In June, a California bill which required sugary drinks to carry health warnings did not pass in the California Legislature. Also in June, New York’s highest court rejected the former mayor’s plan to limit sales of large sugary drinks.
The San Francisco proposal is for a two-cent-per-ounce tax on sugary drinks. The tax would exclude milk or natural fruit juices without any added sugars. It would need a two-third vote to pass in the election in November.
The Berkeley proposal is for a penny per ounce and just needs a majority vote to pass. The Berkeley City Council voted unanimously this month to place the soda tax measure on the November ballot.
Similar measures have been defeated in California in the past when cities such as Richmond and El Monte attempted to impose taxes on businesses that sold sugary drinks.

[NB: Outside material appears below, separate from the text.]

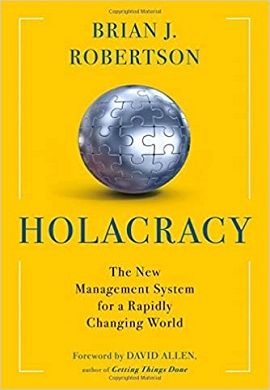 1-هولاکراسی : سیستم جدید مدیریت برای دنیای به سرعت در حال تغییر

Reports state that even those who believe drinking sugary drinks is harmful don’t necessarily believe the best solution is to introduce taxes. There are fears that a soda tax could lead to similar taxes on other foods.
However, a Berkeley city survey of 500 likely voters showed majority support for the tax in April this year.
A sugar tax has also been proposed in the UK by Action on Sugar, as part of an overall strategy to prevent childhood obesity.
"Obesity is preventable if the food environment is changed, yet the current policies are not working,” said Professor Graham MacGregor, Chairman of Action on Sugar. “The UK requires the implementation of this coherent strategy, starting by setting incremental sugar reduction targets for soft drinks this Summer. No delays, no excuses.”